Final approval of the costliest, most contested version of a proposed overseas export pipeline and Pacific Coast tanker port for Alberta oil has been suspended by Canada’s Federal Court of Appeal.

A two-member majority of a three-judge appellate panel ruled Thursday that the former Conservative cabinet in Ottawa fell short of fulfilling Canadian constitutional duty to consult and accommodate aboriginal groups affected by large projects.

The court majority said a second run must be taken at obeying native rights aspects of a legislated requirement for the federal cabinet to ratify the approval decision recommended by a joint review panel of the National Energy Board (NEB) and Canadian Environmental Assessment Agency (CEAA).

The appellate ruling sets back Enbridge Inc.’s C$8 billion (US$6.2 billion) Northern Gateway proposal for an entirely new oilsands export conduit from the Alberta capital of Edmonton to the northern Pacific coast port of Kitimat (see Daily GPI, Dec. 20, 2013).

The court decision does not affect Kinder Morgan Canada’s less contentious US$5.5 billion alternative of tripling capacity, to about 900,000 barrels per day, on the half-century-old Trans Mountain Pipeline from Edmonton to an established tanker dock at Vancouver (see Daily GPI, May 20, 2016).

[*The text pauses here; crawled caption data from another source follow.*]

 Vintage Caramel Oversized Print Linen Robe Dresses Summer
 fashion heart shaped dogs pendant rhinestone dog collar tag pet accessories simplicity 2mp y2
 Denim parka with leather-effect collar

Both rival projects would add about 600,000 b/d to oilsands exports from Alberta thermal extraction sites, which are Canada’s top consumers of natural gas.

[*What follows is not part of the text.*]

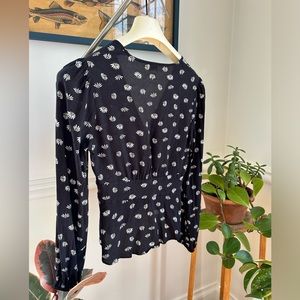 Wilfred peplum puff sleeve blouse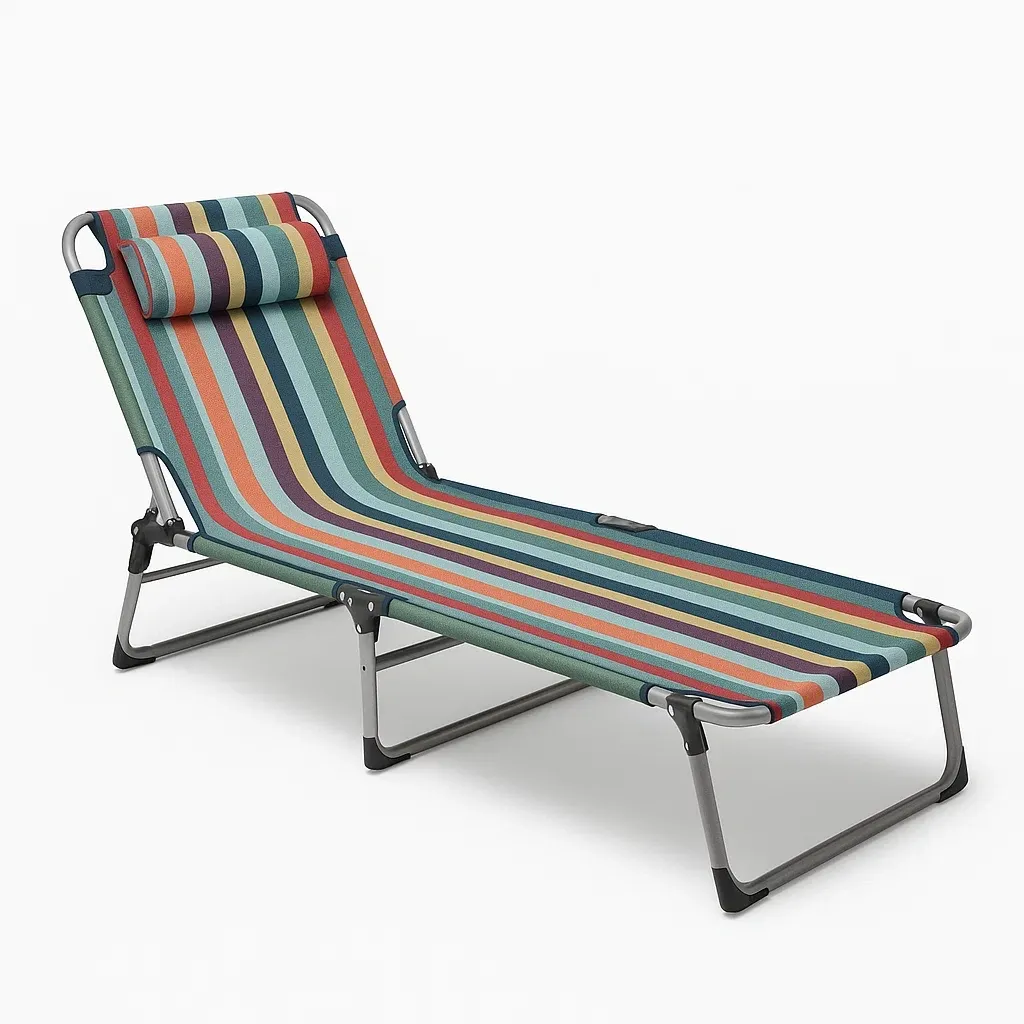 Sedia da spiaggia pieghevole a strisce multicolore in acciaio e poliestere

In the Northern Gateway case, the appellate judges upheld the NEB-CEAA’s years-long regulatory review and its book-length approval recommendation that included more than 200 safety, engineering, environmental and community acceptance conditions.

But the court ruled that cabinet representatives for a special constitutional “independent duty to consult” aboriginal groups let down the process by holding only a token round of hasty meetings that dealt superficially with native concerns in a generic fashion. Aboriginal groups do not have veto powers on projects but do have rights to expect focused attention to their various regional and territorial concerns, the judges said.

By the standards of Enbridge’s epic two decades of work on Northern Gateway, fulfilling the government’s separate aboriginal consultation obligations is “a matter that, if well-organized and well-executed, need not take long,” the court said. The job could be done in about four months, the judges said.

But the ruling puts Prime Minister Justin Trudeau in a political hot seat. During his Liberal party’s successful campaign to oust Stephen Harper’s Conservatives from power last fall, he went on record as siding with native and environmental protesters to put a stop to Northern Gateway.

Aboriginal factions that have stayed out of project participation agreements offered by Enbridge, and environmentalist resistance groups called on Trudeau to keep his word by leaving Northern Gateway in limbo. Enbridge vowed to continue advancing the project.

Trudeau did not take sides on Kinder Morgan Canada’s alternative export conduit, which was in its regulatory hearings stage during the federal election. A special tribunal, appointed by Trudeau’s cabinet, is currently holding elaborate independent consultations with native and public groups on ratifying a 157-condition Trans Mountain Pipeline expansion approval recommended this spring by a NEB-CEAA panel.